* Exercise brief *
The needed output is the run of lines below from the one containing "A baby is being" through the one containing "kitchen with lofted", copied exactly and free of pictures.

* Entries shown *
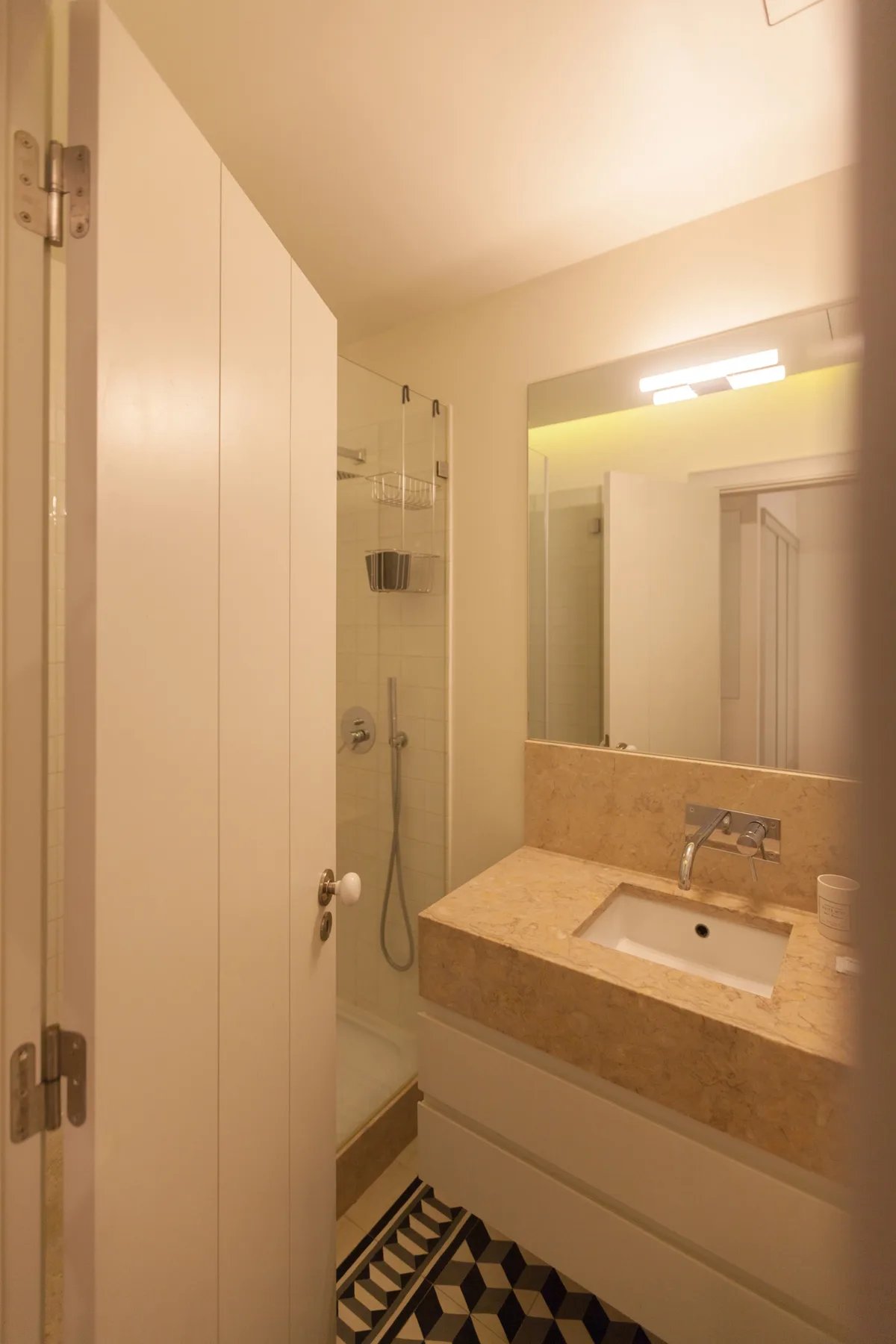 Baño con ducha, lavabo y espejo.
--
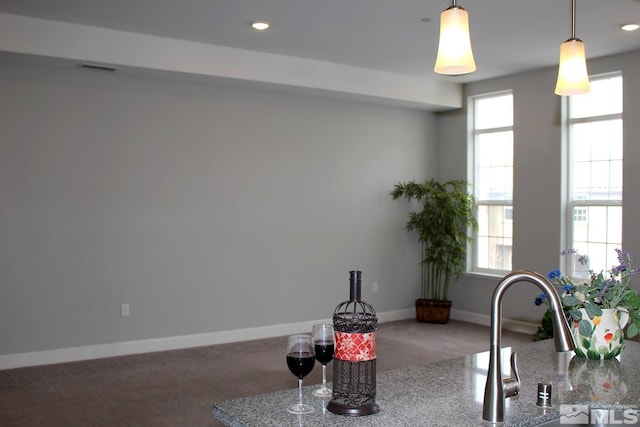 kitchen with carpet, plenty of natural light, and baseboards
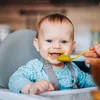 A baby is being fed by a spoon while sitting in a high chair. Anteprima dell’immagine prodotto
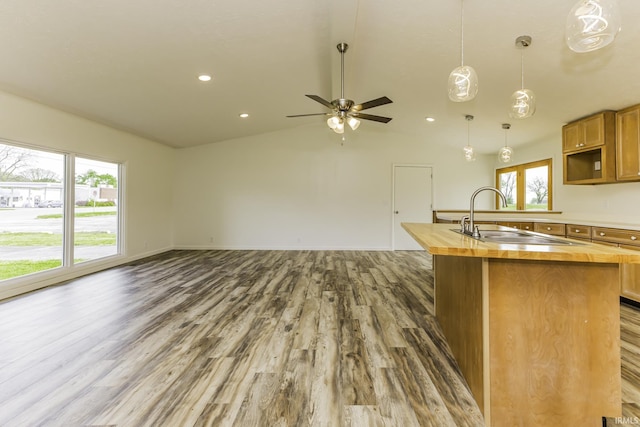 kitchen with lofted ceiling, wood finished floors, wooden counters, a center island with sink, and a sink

* Output for this task *
 A baby is being fed by a spoon while sitting in a high chair. Anteprima dell’immagine prodotto
 kitchen with lofted ceiling, wood finished floors, wooden counters, a center island with sink, and a sink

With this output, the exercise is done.